Information Architecture - Part 3



Labeling

Labels represent bigger chunks of information. You can say it gives a visual representation of the structure of the information. Labels can be textual or iconographic. 

Types of labels

Textual labels: These are texts which are hyperlinked to another page of information. It ideally tells in a word, what the user can expect if he clicks on it. 

The different kinds of textual labels are:

1. Contextual links: These are texts within a content which is hyperlinked to further information or to another page. 

2. Headings: These are used to describe chunks of information. It has to be obvious and inform the sequence of the hierarchy.

3. Navigation systems: These are the labels used for navigation system. 

For instance, Main page, home page, search, FAQ, Contact us, About us etc. These labels should be consistent.

4. Index terms

Iconic labels: These are labels that are pictorial and represent the information it can lead to or contain. Though iconic labels can help in making the design more attractive, there is always a fear if the icons represent the message appropriately or even correctly. In other words, it can always be misunderstood. 

Guidelines for creating labels

1. Call them by their right names

2. Use words that the users understand

3. Use a consistent labeling system

In a grocery online store, calling pulses as “grains” might not help the customers to identify what is represents.

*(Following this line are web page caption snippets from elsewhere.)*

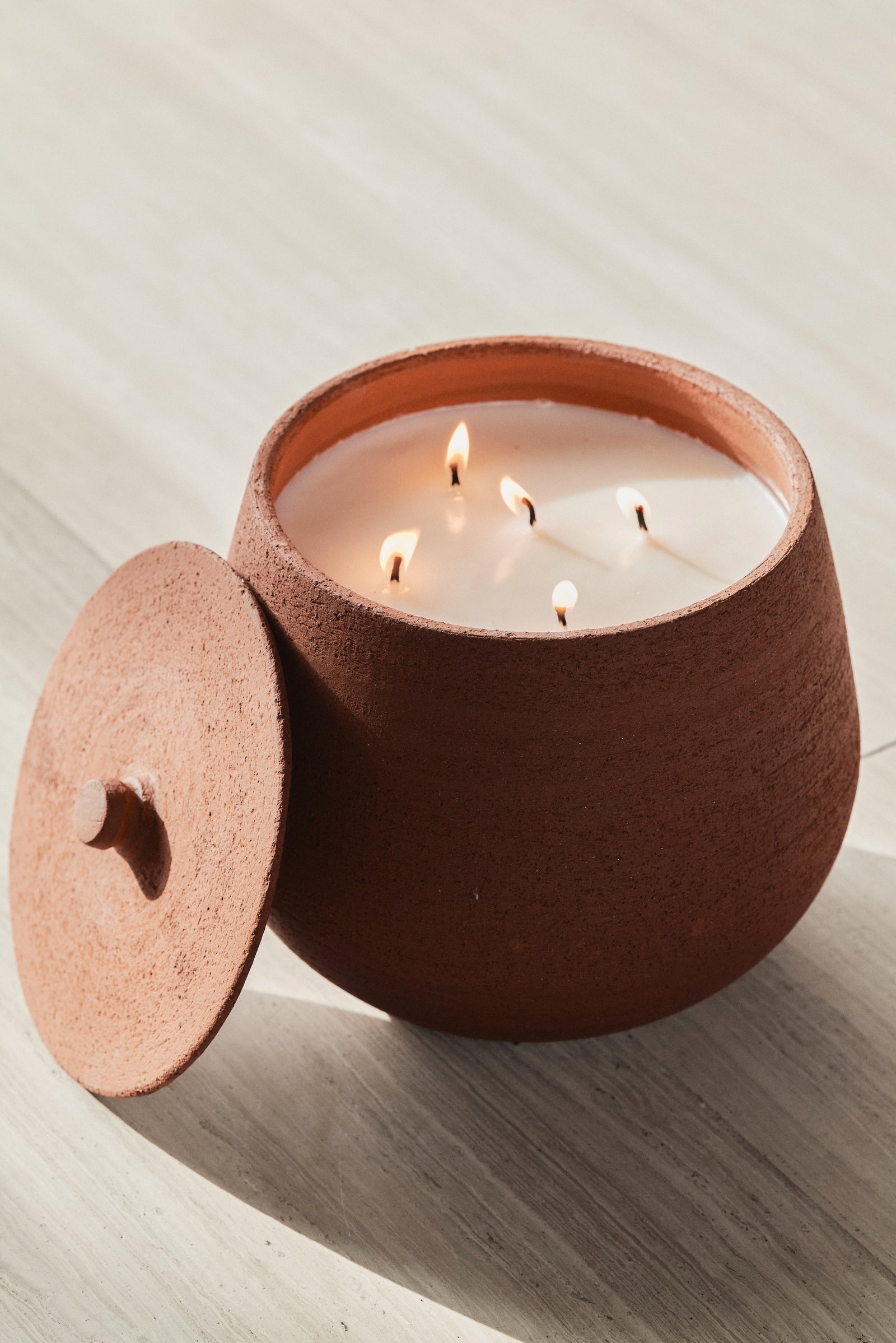 Solal Candles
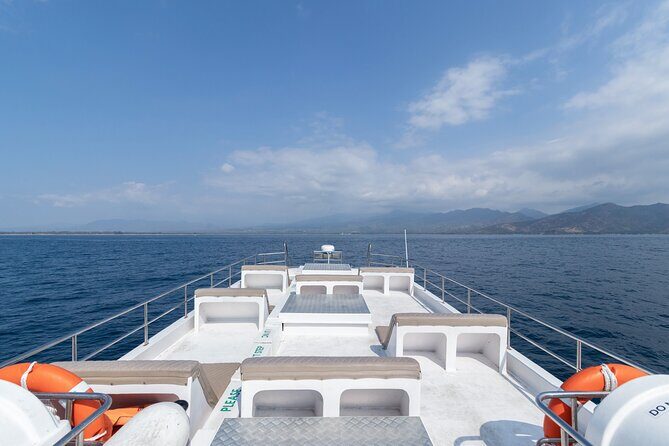 Bali (Padang Bai) to Gili Trawangan - Gili Air - Lombok (Bangsal) - Safety focus, plus the reality of a mid-sea check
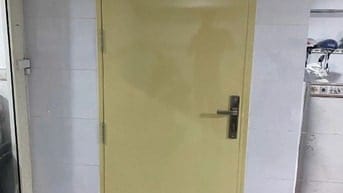 CỬA THÉP CHỐNG CHÁY – AN TOÀN VÀ BỀN BỈ CHO MỌI CÔNG TRÌNH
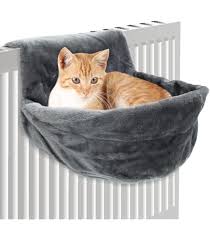Radiateur Chauffant Domestique - Confort Optimal pour Votre Chat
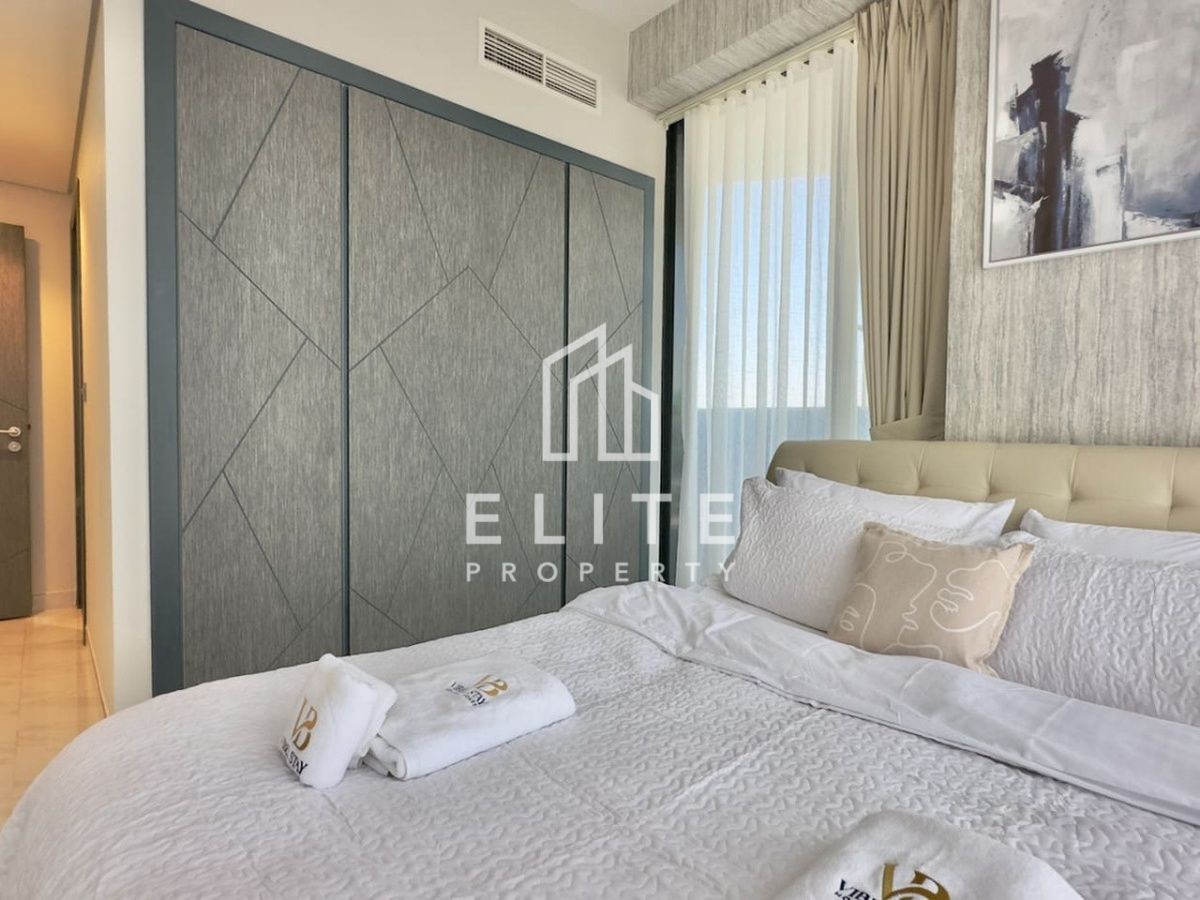 Private Pool|Fully Furnished|Vacant Ready To Move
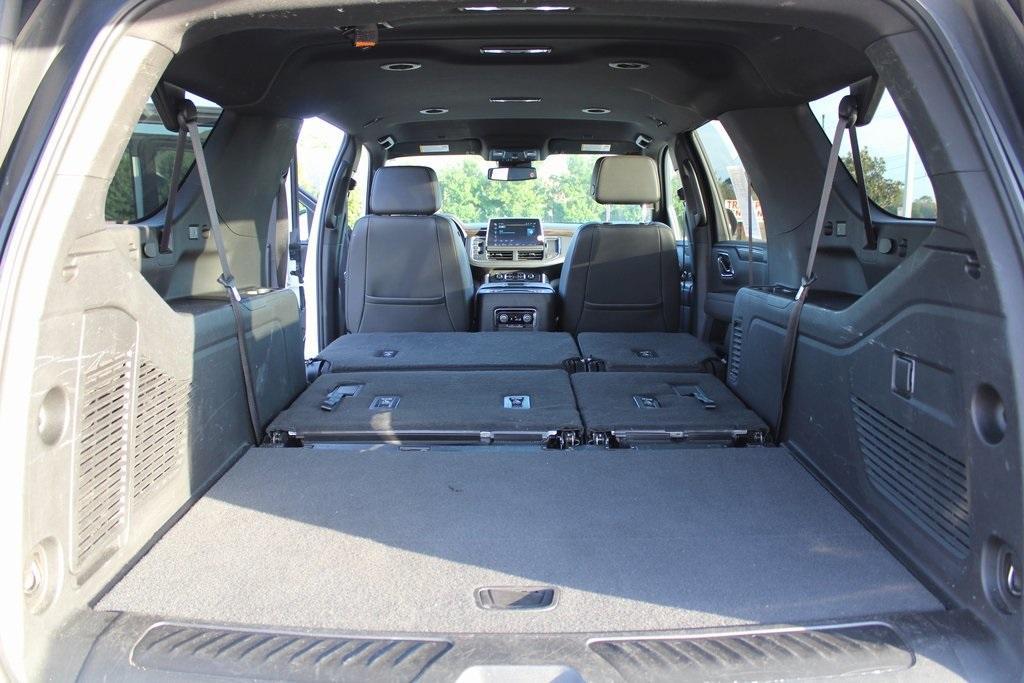 used 2023 Chevrolet Suburban car, priced at $45,999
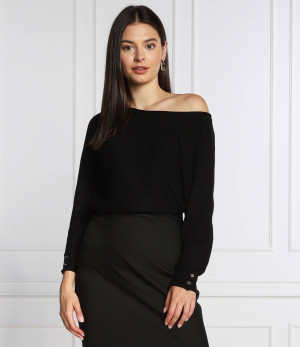 GUESS Sweter | Slim Fit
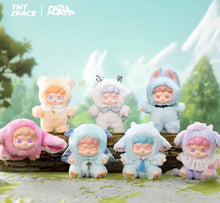 Load image into Gallery viewer, TNT Space Dora Vinyl Plush Blind Box - Shan Hai Dreams Series
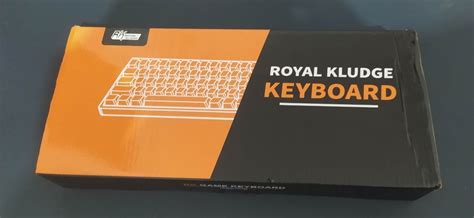 Royal Kludge RK68 RGB Hot-Swappable Wireless Keyboard, Computers & Tech, Parts & Accessories ...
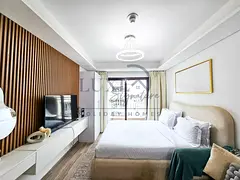 FULLY FURNISHED STUDIO || READY TO MOVE IN || CALL US NOW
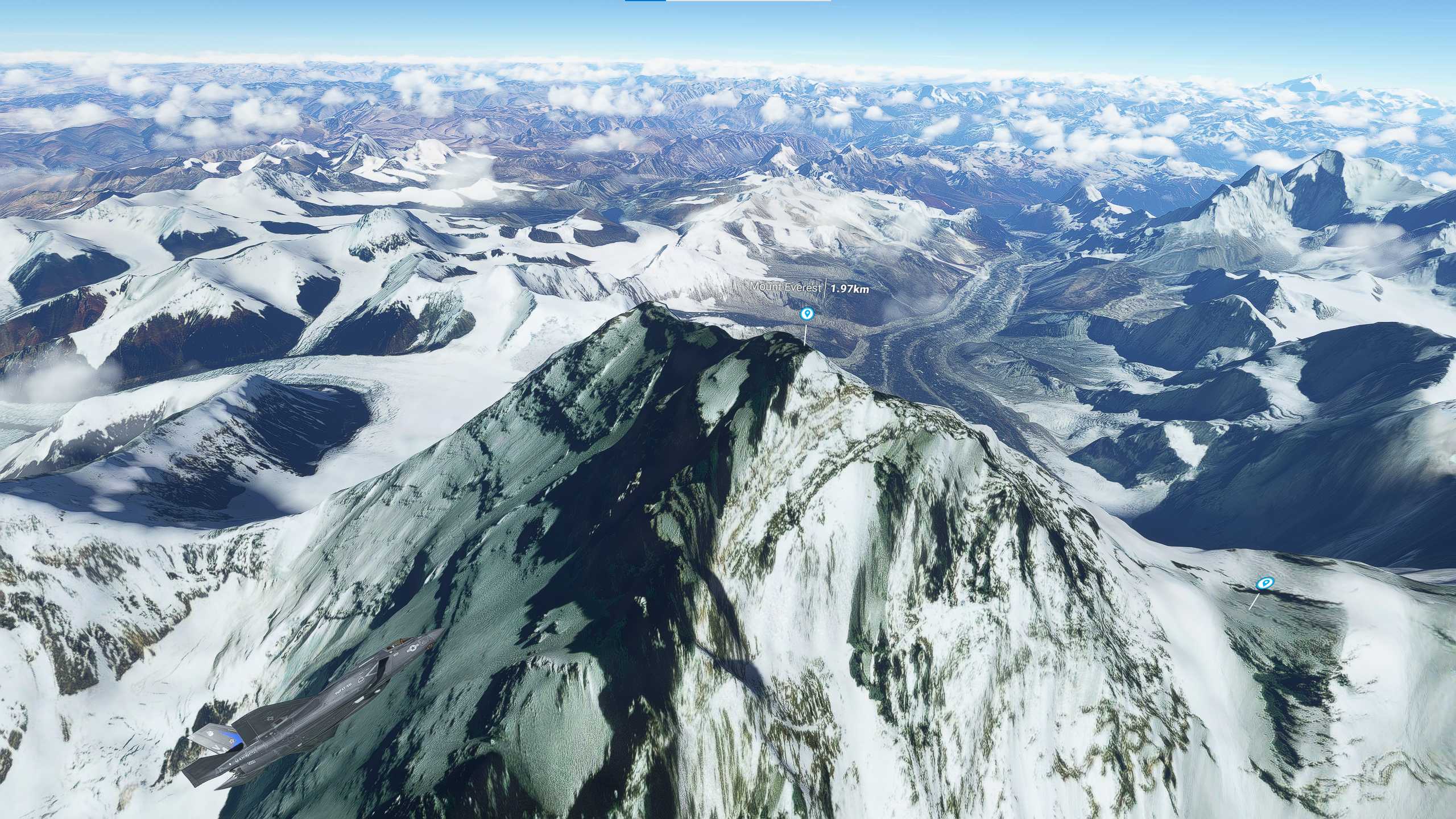喜马拉雅美景 MSFS-386 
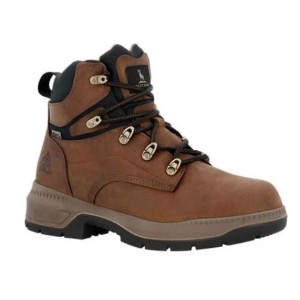 Rocky Worksmart Waterproof Work Boot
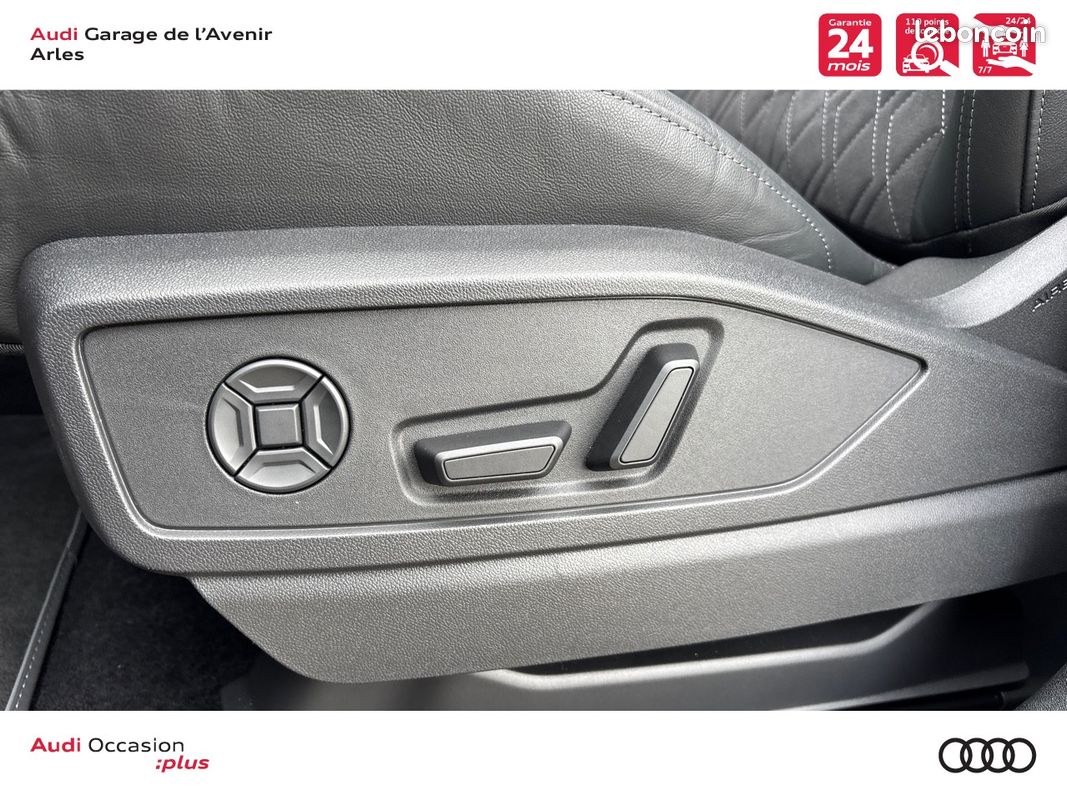 AUDI Q5 e-hybrid 367 ch S tronic 7 Quattro S line (image 27)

Calling meat and fish as “for non-vegetarians” might not be appropriate either. 

On the other hand calling “aravi” as “colocacia” might not sell a single bit of that plant. It is the right English word, but not a commonly used one. How would people understand it? 

How to create labels

Content: Look at the words used in your content and the labels they suggest.

User research: The user research will contain hundreds of words that describe how the users phrase ideas and concepts. Make sure you look at your search logs – you’ll see exactly what people are looking for.

Card sorting: The last step in card sorting is often for people to provide a label describing what the group of cards is about. This can give an idea on how to create the labels.

Look around: The competitors and other sites can give a good idea how the labels are done. Looking at it can help you to follow a similar system that can actually be comfortable for the users.